Staff of leading global retailer Inditex says they are being forced out as the company rolls out its plan to shut down around 1,200 stores worldwide – this is despite the company’s agreement with Spanish unions to protect jobs.
Inditex, the world’s biggest clothing retailer based in Spain, is the owner of fast-fashion brand Zara.
The company is closing smaller outlets while expanding flagship stores and the Spanish closures are the first of up to 700 expected this year in Europe, as well as 100 in the Americas and 400 elsewhere.
As per Reuters’ report, under an agreement signed recently with two Spanish unions, Inditex aims to provide all the affected staff with new vacancies that match their old contracts and seniority within 25 km of where they used to work.
However, in an internal report, the UGT, the second-biggest Spanish union within Inditex, analysed vacancies offered by Inditex and found that 40 per cent of the new positions were outside the province where the worker in question had worked, and in some cases on the other side of the country. The report said one in four workers offered new positions in Spain have so far quit.

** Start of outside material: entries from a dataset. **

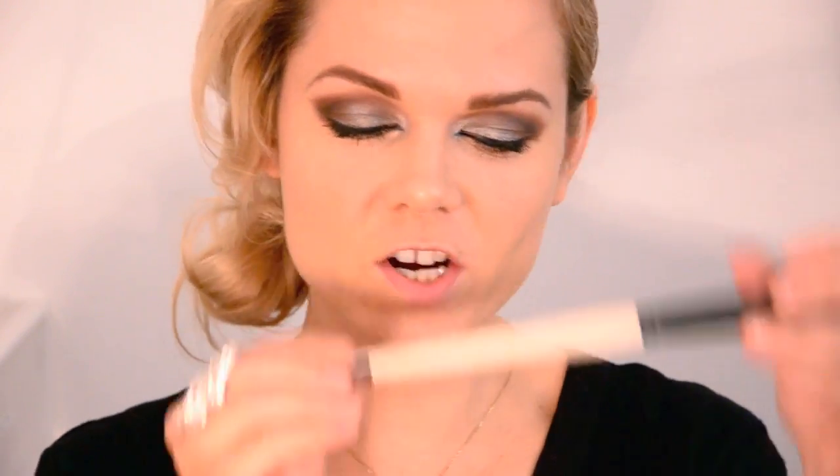I'm then going to conceal under my eyes using my By Terry in A2. I'm going to powder lightly using my Laura Mercier Universal Powder — I'm actually using an artist brush, a brush I've had longer than any other. I bought it in an art shop when I was a student because I couldn't afford proper makeup brushes, and this has literally lasted forever.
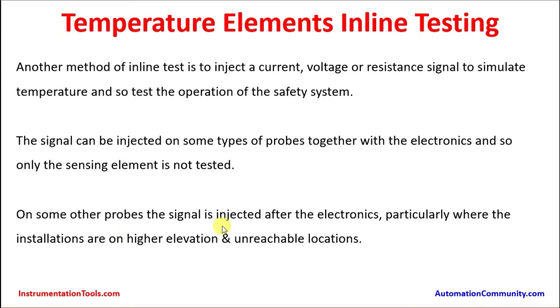On some other probes the signal is injected after the electronics, particularly where the installations are at higher elevations and unreachable locations. Some installations may have temperature elements at 30, 40, or 50 meters elevation, making it practically difficult for the instrument technician to climb up and do the testing. In such cases the injection can be done from the nearest junction box or head, after the temperature sensor.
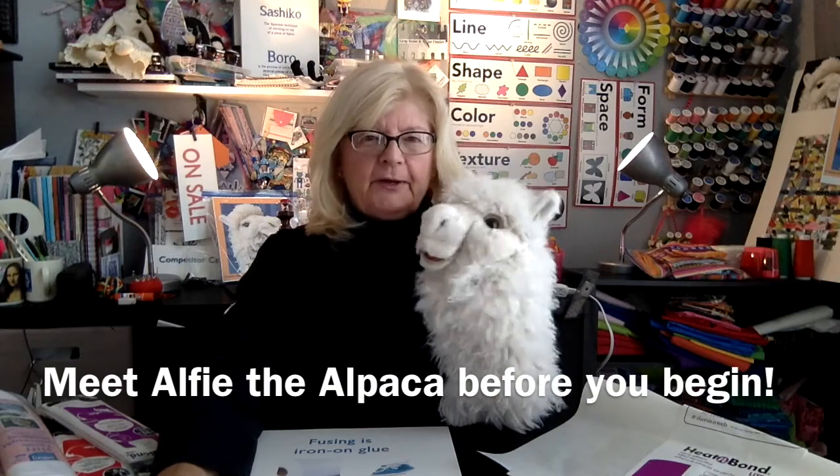We wanted to show you a couple of very important things before you get started on all your projects. But first, this is Alfie — hi Alfie! Not to be confused with any other Alfie, because this Alfie we met on the alpaca school bus and we've been friends ever since. His real name is McAlpherson, but his friends decided to shorten that to Alfie, and he likes that much better.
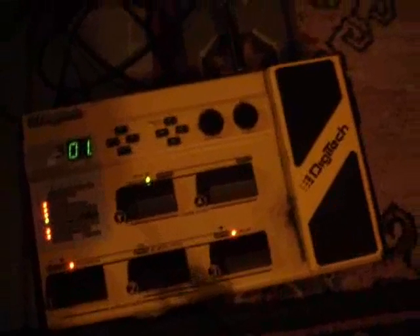Down here at the floor, this is the pedal that I use, which has overdrive, distortion, delay, wah wah, chorus, etc. And that's about it.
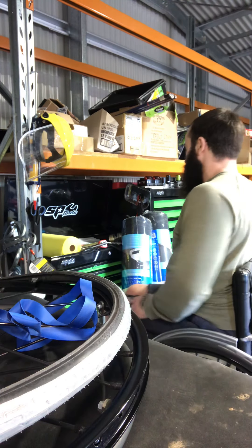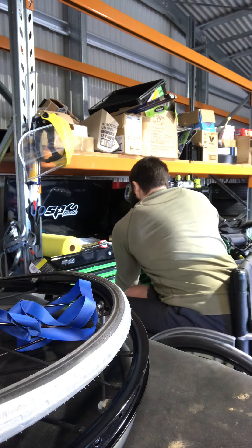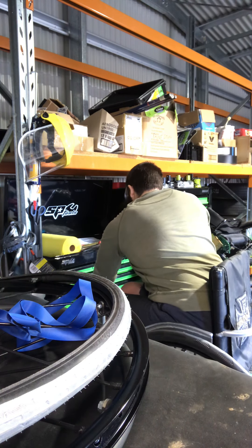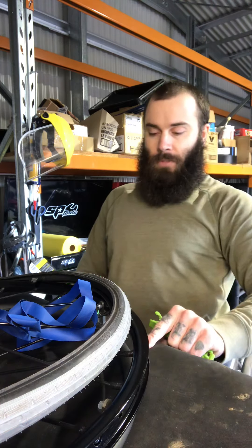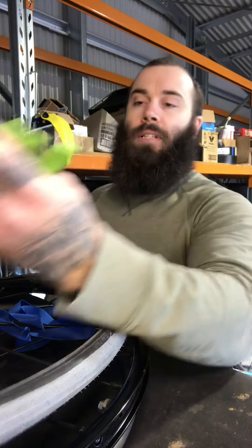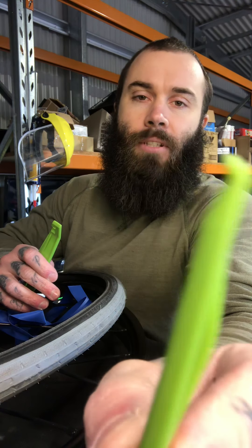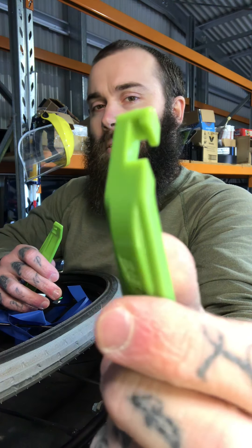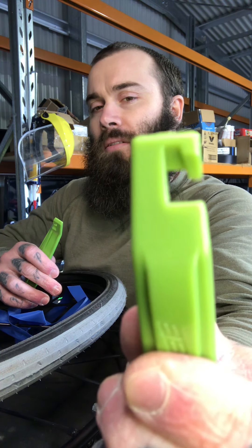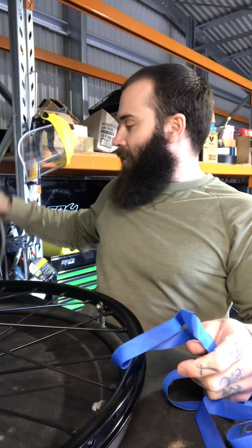So let me grab some tire levers. These ones you can get off eBay or a bike shop — they're just plastic. As you can see, one has a raised edge and this one has a little hooked thing on it.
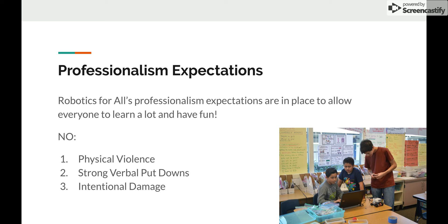Another no-no is strong verbal put-downs. We never want any swearing, cussing, or insulting of students. If they're doing something wrong, please be very gentle about it. This also applies to any other school staff member or volunteer — just be careful of your language, and we don't want to make any student feel bad. The third thing is no intentional damage to any of our equipment, the school's equipment, or anything in the classroom. Don't intentionally break things; if it happens on accident, that's okay. But those are the big three no-nos.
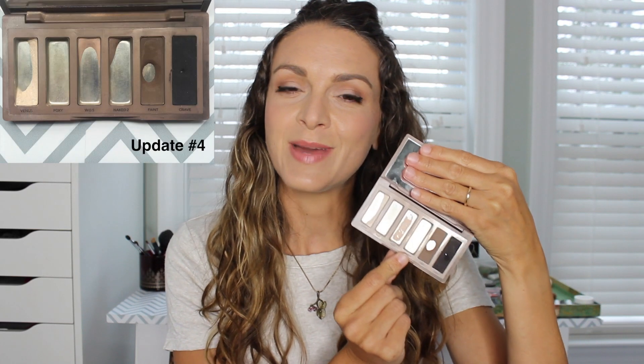Naked 2 I used up this past month and I'm very happy with this. I was using it in my brows, in my crease, and also in the outer portion of my eyes, so it definitely could multitask as a shadow.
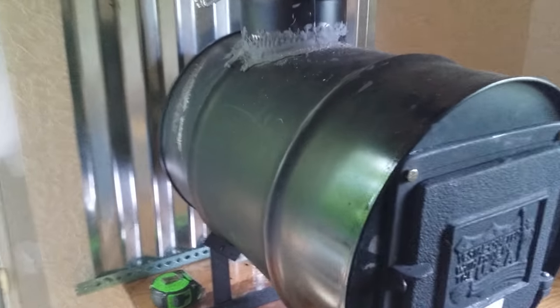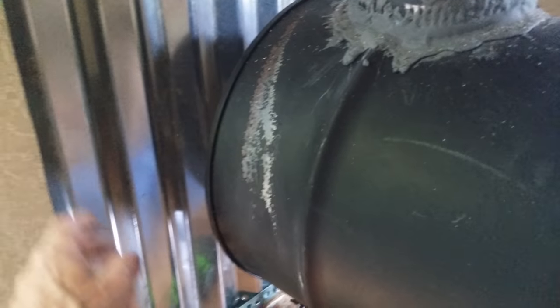I put a piece of extra metal I had from a roofing job. It has an air gap for a heat shield so it doesn't get too hot. It has a 6-inch damper.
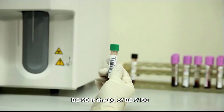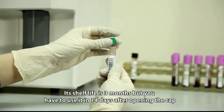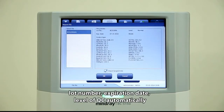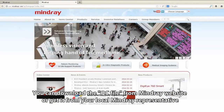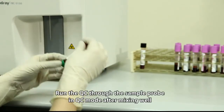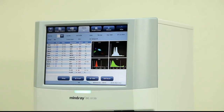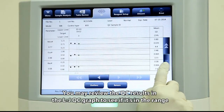BC5D is the QC material for the BC5150. Its shelf life is three months, but it must be used within 14 days after opening. By importing the QC file, the BC5150 can automatically load the target value, lot number, expiration date, and QC level. You can download the QC file from the Mindray website or get it from your local Mindray representative. Run the QC through the sample probe in QC mode after mixing well. Review QC results in the LJ QC graph to see if they are within range.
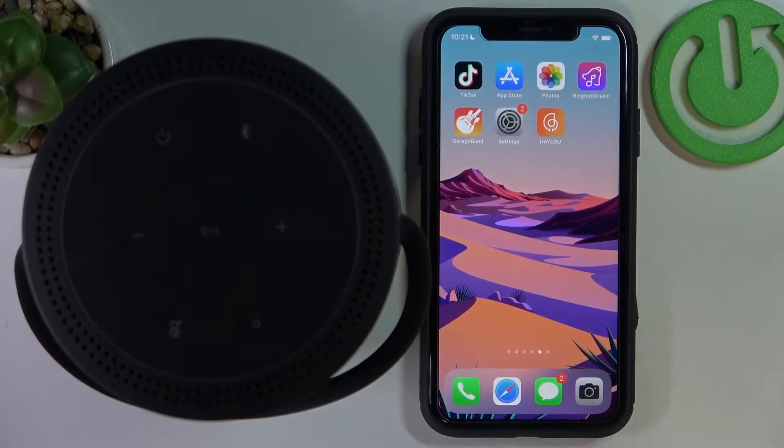Hello! In this video I want to show you how to pair your Bose portable home speaker to an iPhone device.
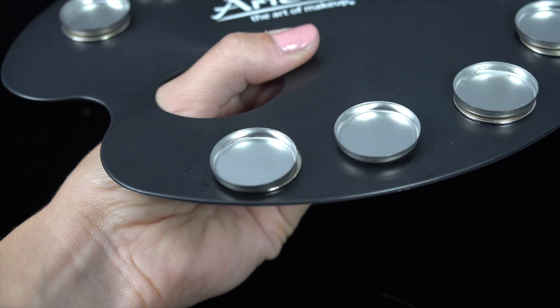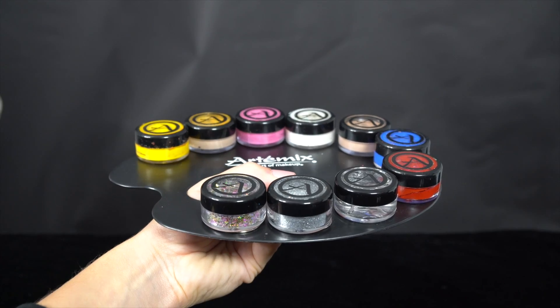Don't want containers with lids? No problem, we've got these too. My favorite thing about the palette is that it's universal — it's not just for makeup. You could fill these containers with sequins, buttons, gems. The possibilities are endless.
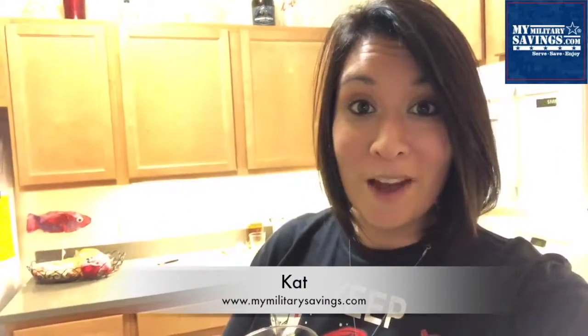For more recipes, DIY projects, and everything that you need in your holiday season, don't forget to visit MyMilitarySavings.com and sign up for your free membership today. Happy Holidays!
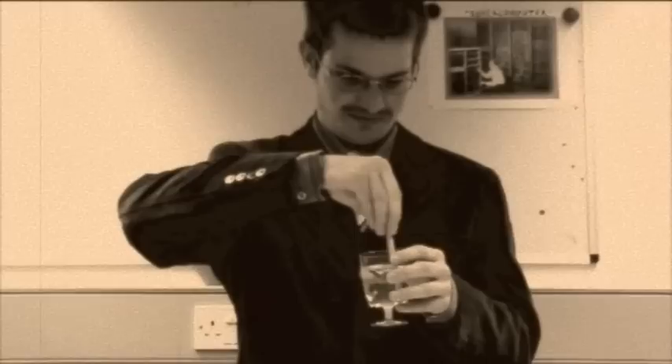Take water in the other hand. Now put the salt into the water and stir it.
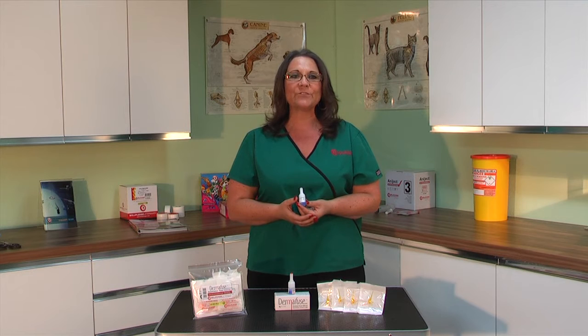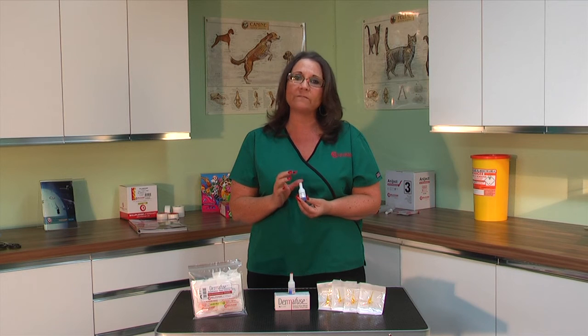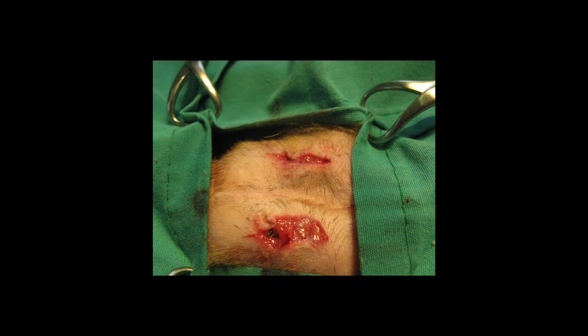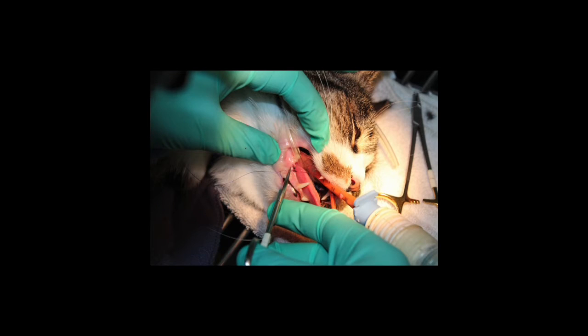Hello, I'm going to show you a demonstration of how to use Dermafuse. Dermafuse is a medical grade embutyl cyanoacrylate adhesive and it can be used to bond tissue together following many veterinary procedures, for example lacerations, abrasions, gives extra security to sutures and staples, and is often used after tooth extractions and other oral surgery.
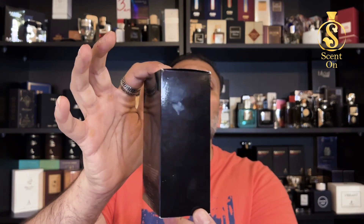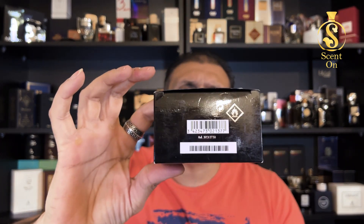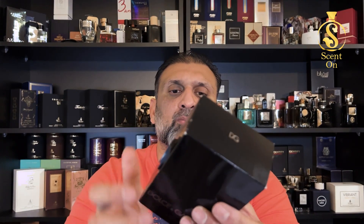Let's start the review with the presentation first. This perfume comes in a beautiful black box — it's a simple glossy black box with nothing on the sides. On the top you'll get the D&G logo initials, on the base you'll get the barcode, and on the front the name of the perfume. There's also an engraved batch code on the bottom and ingredient details on the back. Very simple, nothing fancy.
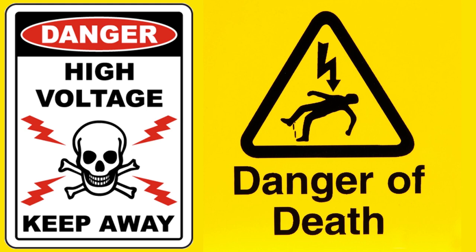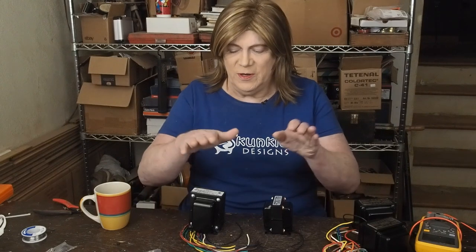Warning: tube amplifiers have lethal voltages inside them. Please do not attempt to build, test, or repair these without understanding and following all safety protocols.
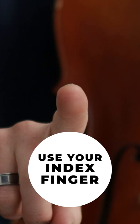Step three: be sure you are using your index finger — the flat, fleshy part of your fingertip — in this kind of action.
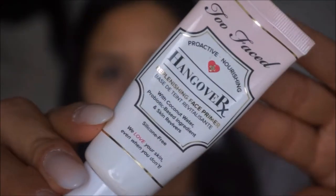For primer I'm going to be using the Too Faced Hangover RX. It looks like this. I'm just going to go ahead and apply a little bit of that onto the T-zone area of my face — this helps control my oils, so I like applying this on the T-zone to make sure that we're nice and matte throughout the day.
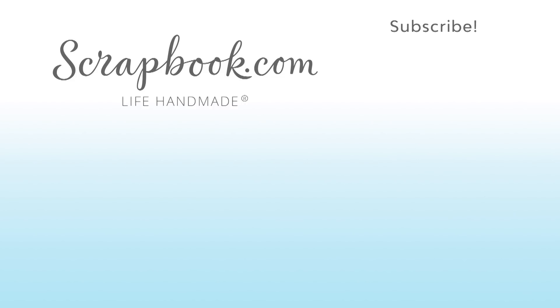This video was filmed by Scrapbook.com at the 2018 AFCI Creativation event. Don't forget to like, share, comment, and subscribe if you liked this video.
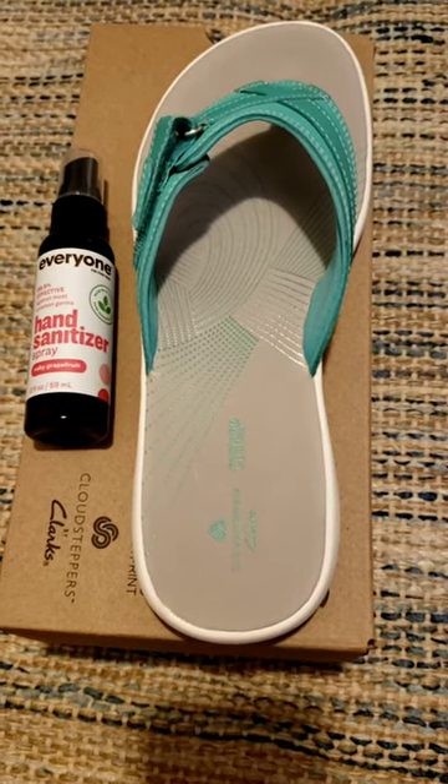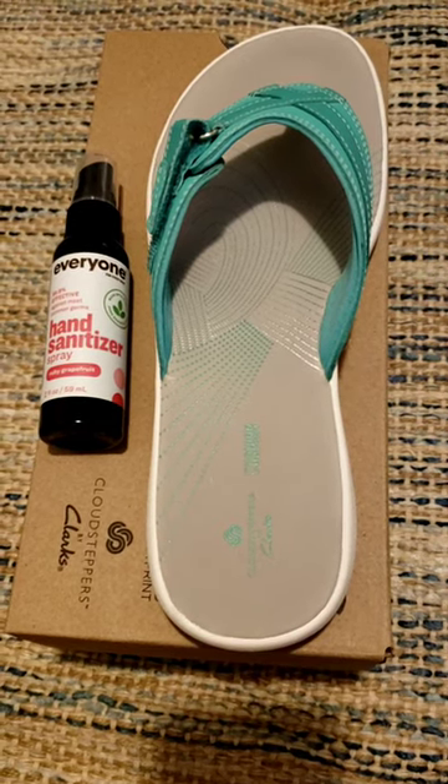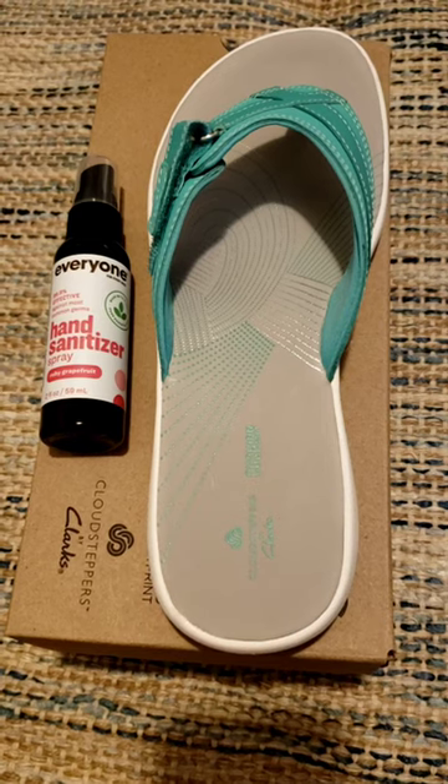One of the easiest ways to keep flip flops clean is hand sanitizer. This one is Ruby Grapefruit. It smells delicious and it does a great job.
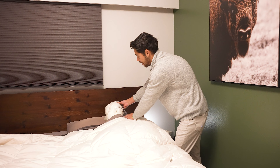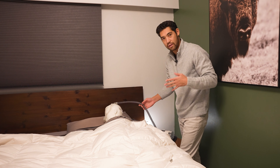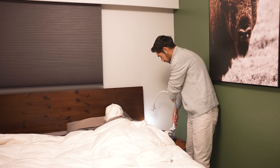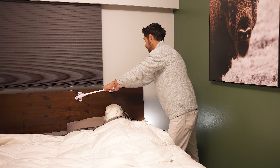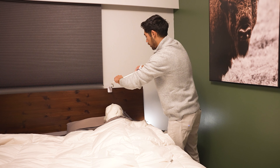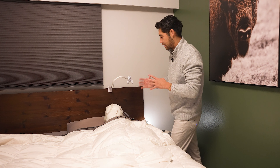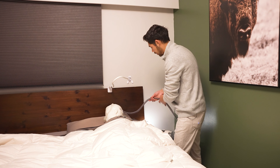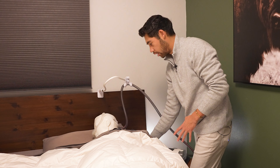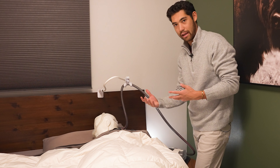If he still finds that the tube is interfering, we might want to elevate the tube higher than him, and we do that with tube hooks. This one has a bendy arm and a clamp at the bottom — we can put it on the nightstand or on the bed frame. We clamp it in place and bend the arm however required for his sleeping position. It'll depend on your bed height and the tube you're using, so you'll have to play around with it. All the weight that was dragging him down is now elevated, and he's not feeling the weight of this tube anymore.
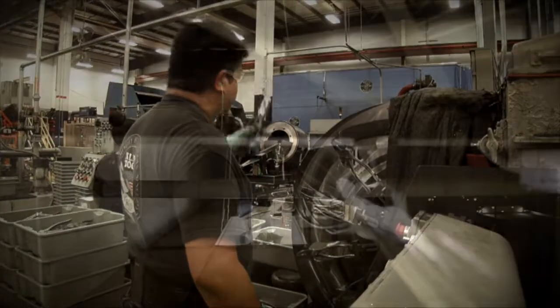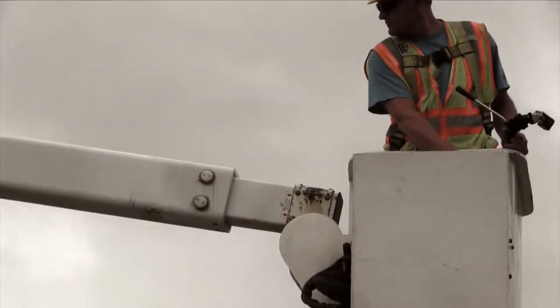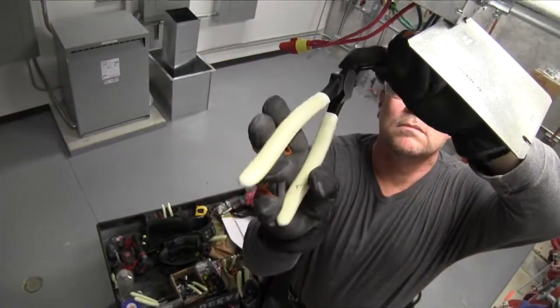We understand the power of a single tool, the power to define not just a profession, but a livelihood. And while Klein has grown with the global economy, we've never lost our commitment to the American tradesmen that have trusted our tools for over a century and a half.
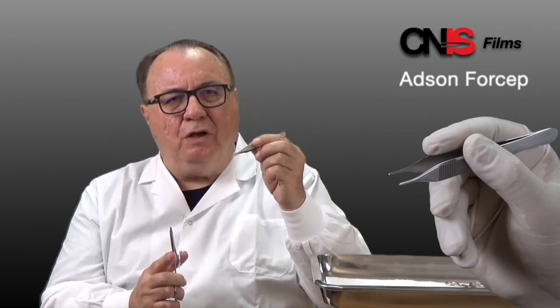This is the Watson forcep. It's either non-toothed for soft tissue or toothed for skin.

UGT signed the agreement with the company along with the leading syndicate CCOO.
An Inditex spokesman said that it was complying with the union agreement and that relocations respected, “all its principles, wording and spirit, which is to prioritise the maintenance of jobs.”
The number of vacancies offered so far is equivalent to 126 per cent of jobs affected, the spokesman added. He also said that 75 per cent of workers had been successfully relocated to date.
As per CCOO, Inditex has so far announced the closure of 114 stores in Spain impacting 986 jobs, with unions expecting another 186 outlets to close down this year.